Top of Data under study

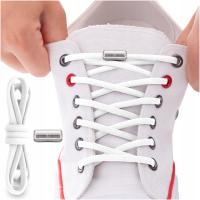 Шнурки без завязок для обуви Эластичные резиновые с застежкой белый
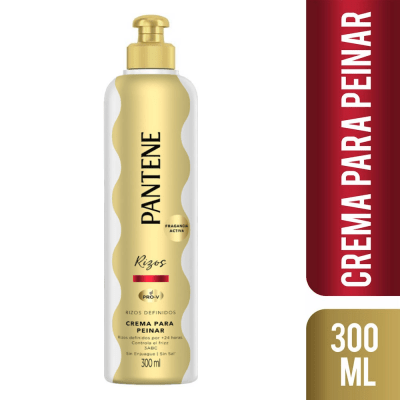 Pantene Crema Para Peinar Rizos Definidos Frasco 300ml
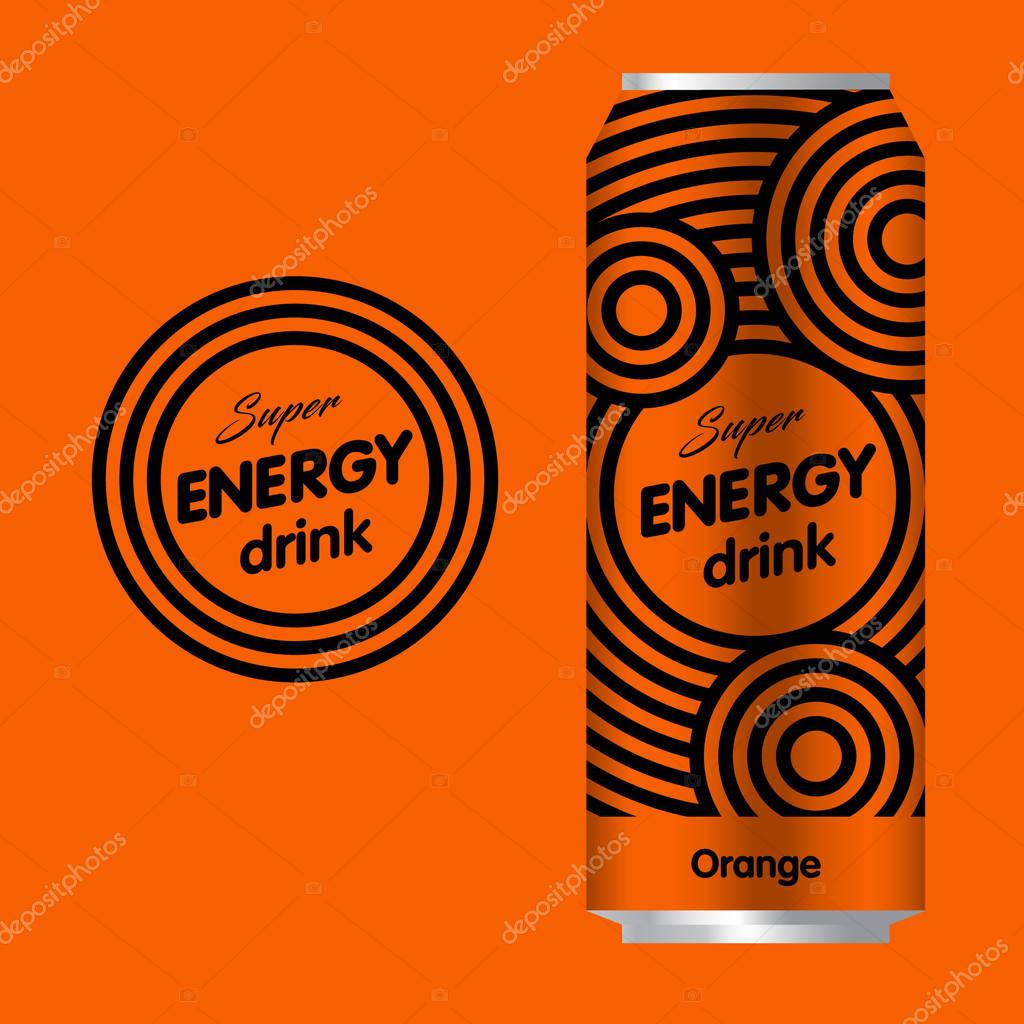 Logo and Packaging with a orange background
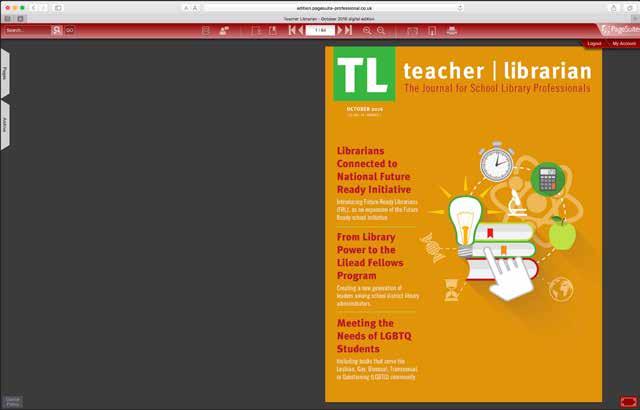 TEACHER LIBRARIAN DIGITAL MEDIA DIGITAL EDITION Digital Teacher Librarian includes all ads just as they are in the print magazine except that URLs become live links.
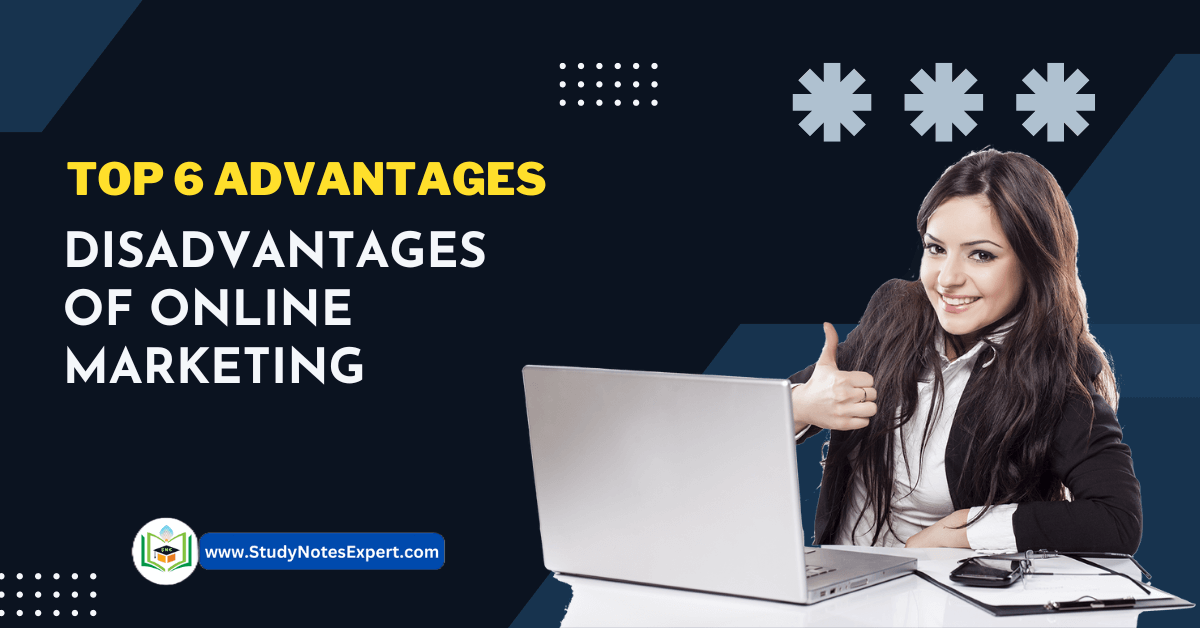 Top 6 Advantages and Disadvantages of Online Marketing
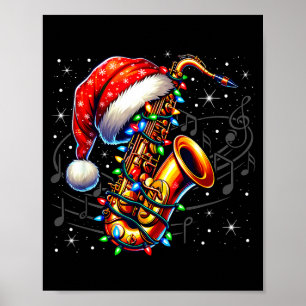 Musiknoten Violinschlüssel Weihnachten Saxophon Ja Poster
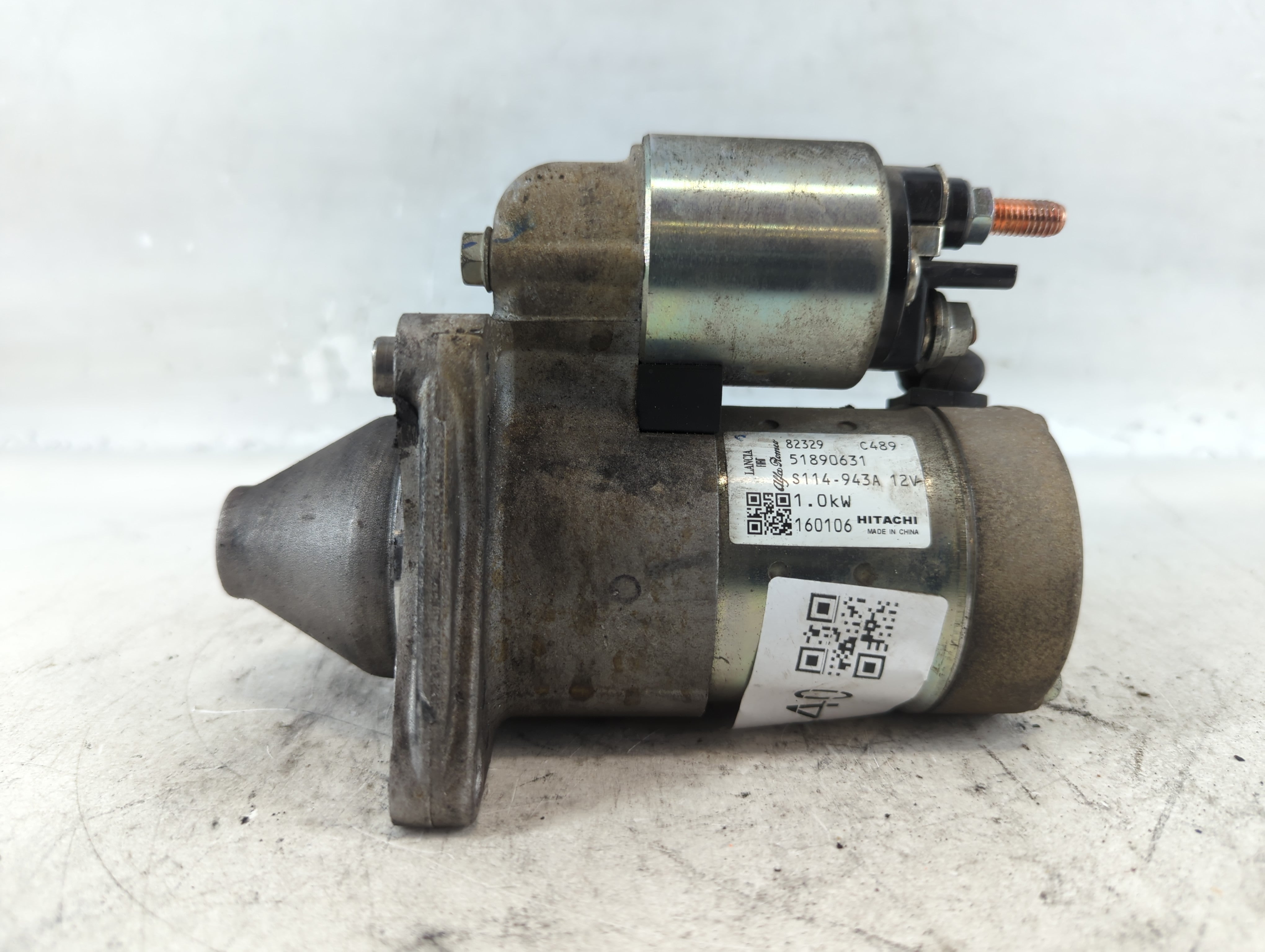 2014-2017 Fiat 500 Car Starter Motor Solenoid OEM P/N:S114-943A 51890631 Fits Fits 2014 2015 2016 2017 2018 OEM Used Auto Parts - Oemusedautoparts1.com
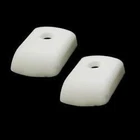 Standard White Plastic Rub Rail End Caps Pair (2) Marine Boat New. Price: $9.95.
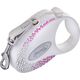 Flexi FLEXI SMYCZ GLAM S /ROZM.S COMPOSITION Mother of pearl BIAŁY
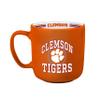 Logo Brands NCAA Clemson Tigers 15oz Stripe Mug - Team Logo, Inside Print, Standard Handle, Microwave & Dishwasher Safe view 1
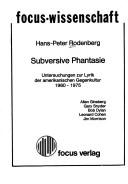 Cover of Subversive Phantasie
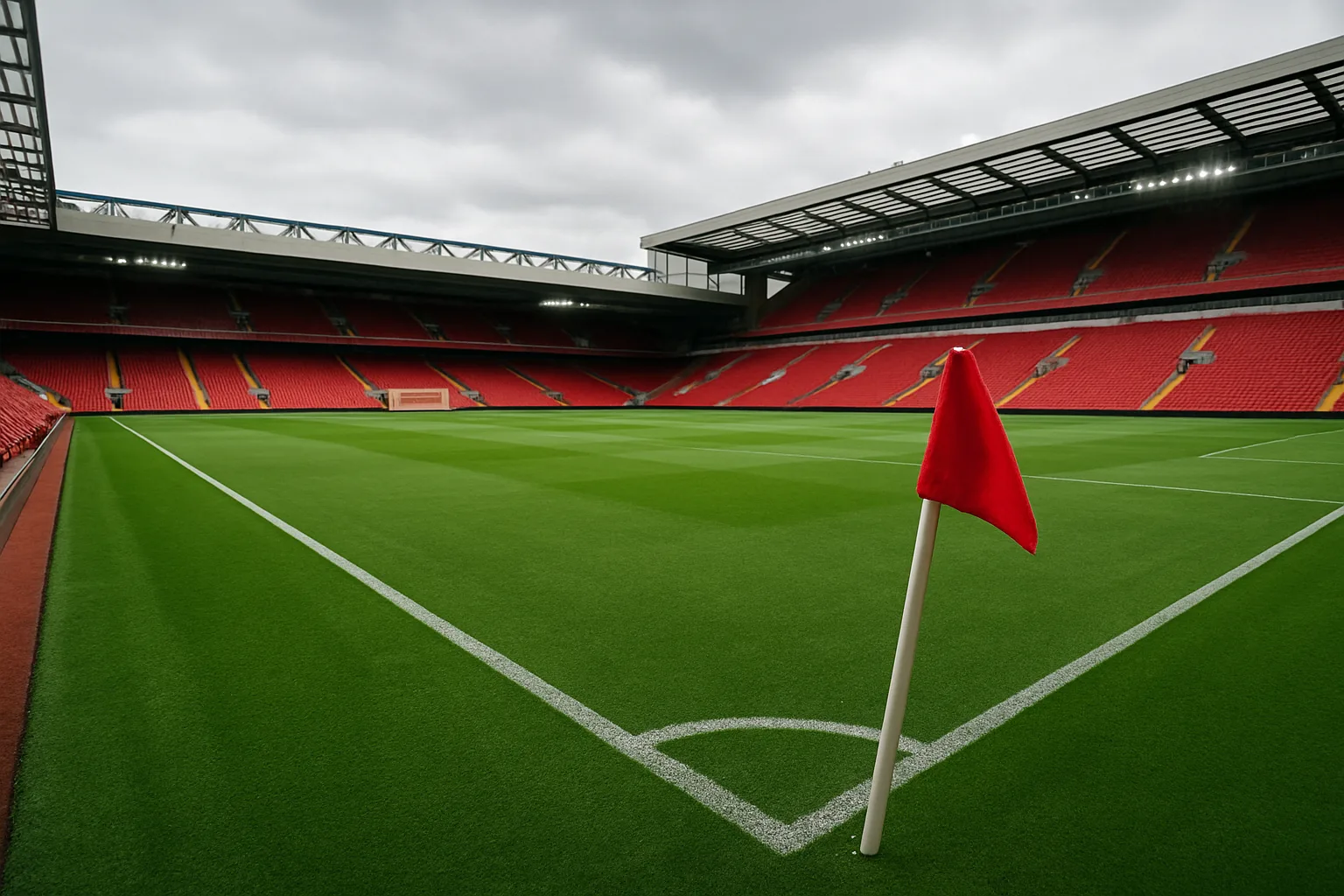 Premier League stadium view as Ronald Araújo prepares for Liverpool loan move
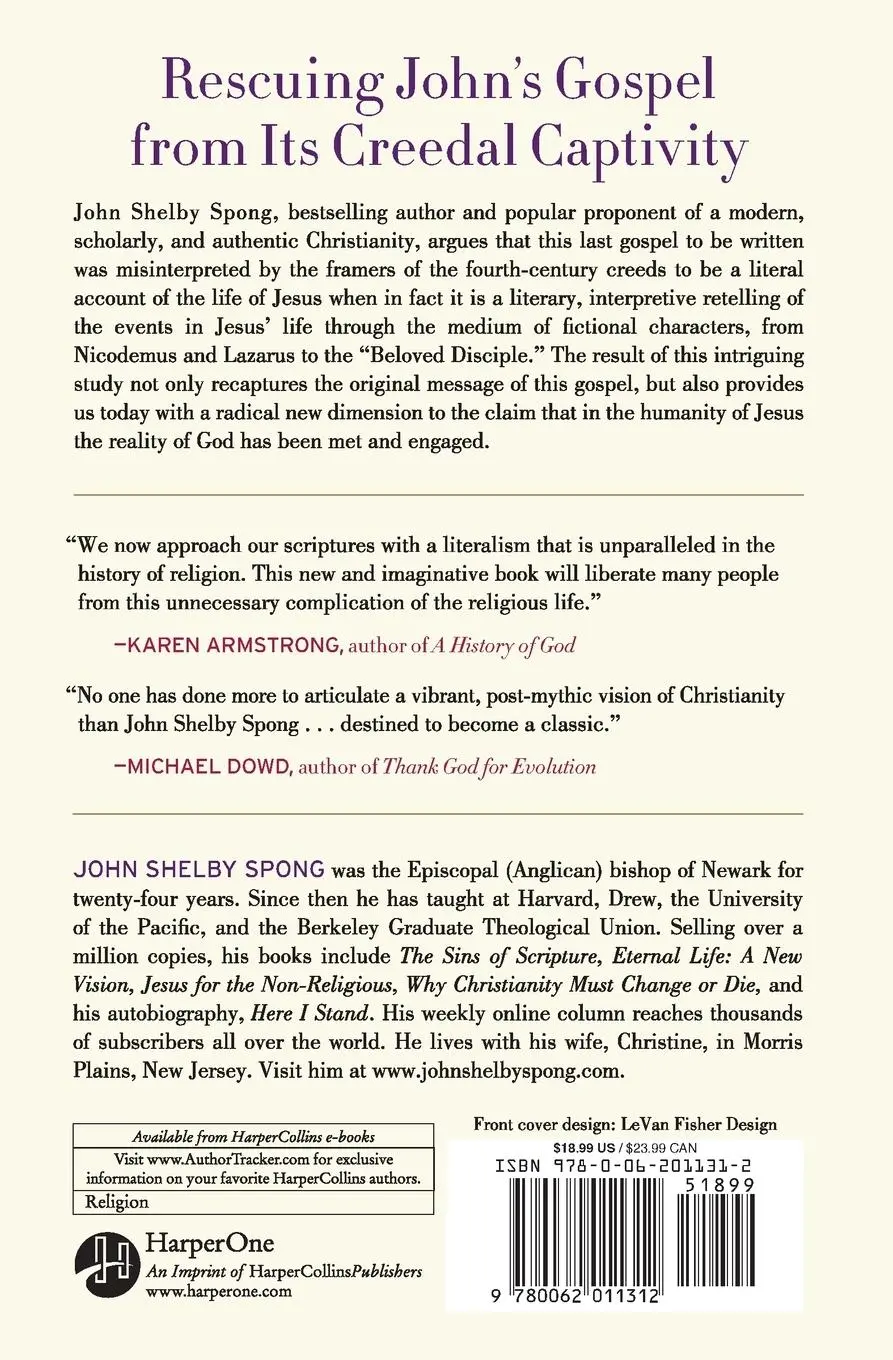 Rückseite: 9780062011312 | The Fourth Gospel | Tales of a Jewish Mystic | John Shelby Spong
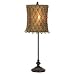 Taupe Beaded Accent Lamp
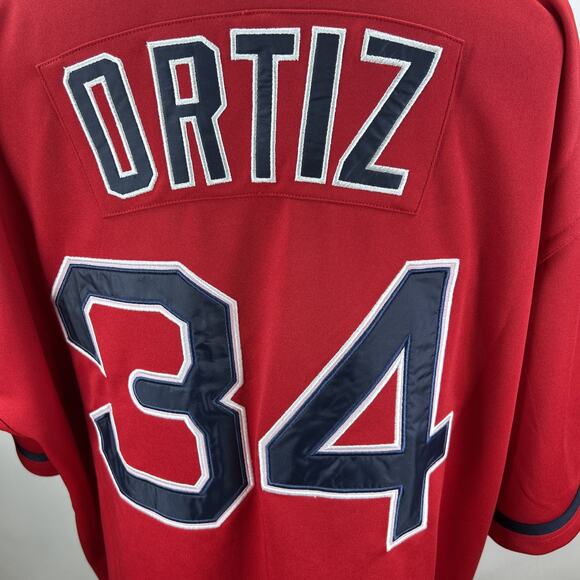 Encore Select Big Papi Ortiz Jersey Embroidered Signature and Ortiz Patch XL - Picture 9 of 16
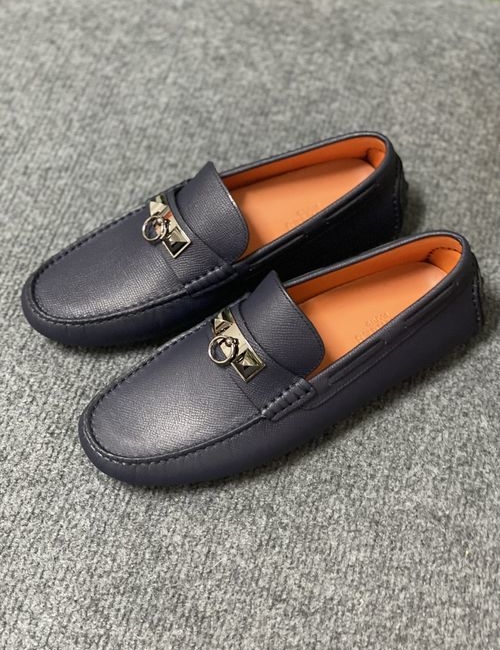 Hermes Loafers Premium Cowhide Upper Anti-slip Sole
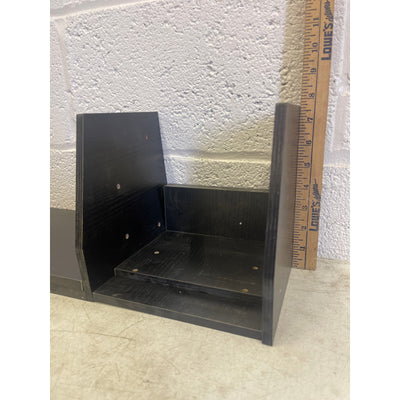 Wooden Desk Office Shelving Unit, 27" x  8" Organizer, Black Wood Finish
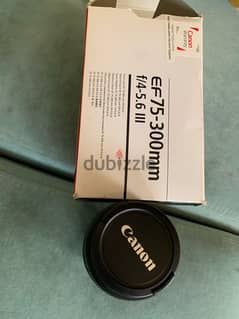 canon lens EF 75-300mm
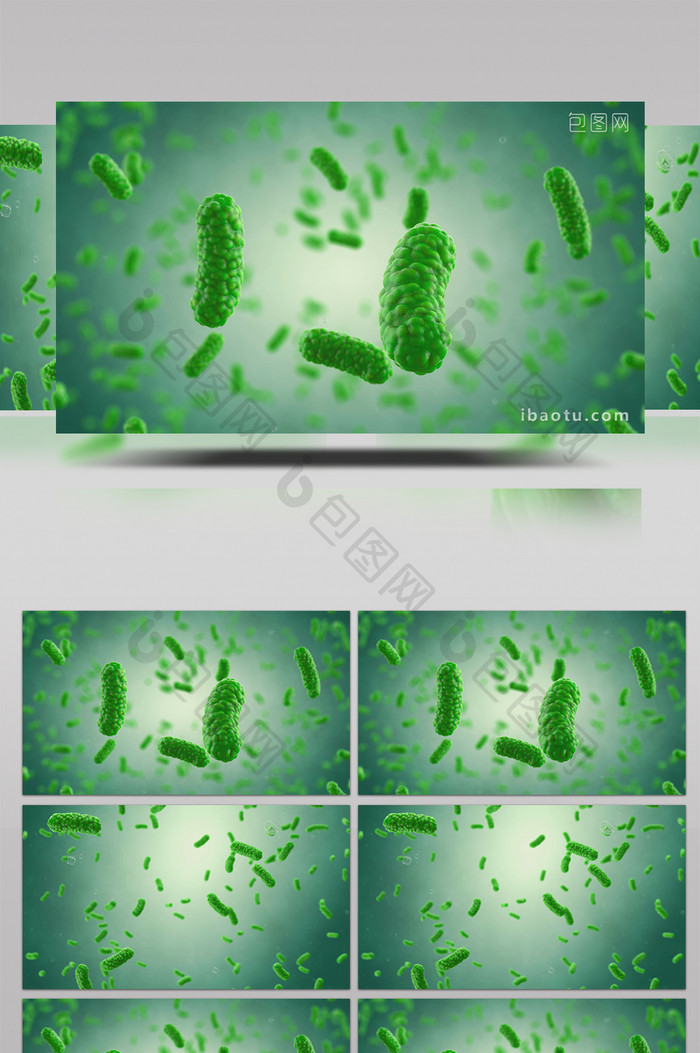 4K病毒细菌高清背景视频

Bottom of Data under study

#### Problem requirements
In the records above, find the line with "Hermes Loafers Premium" and copy from it through the last line exactly, without the pictures.

#### Written reply
 Hermes Loafers Premium Cowhide Upper Anti-slip Sole
 Wooden Desk Office Shelving Unit, 27" x  8" Organizer, Black Wood Finish
 canon lens EF 75-300mm
 4K病毒细菌高清背景视频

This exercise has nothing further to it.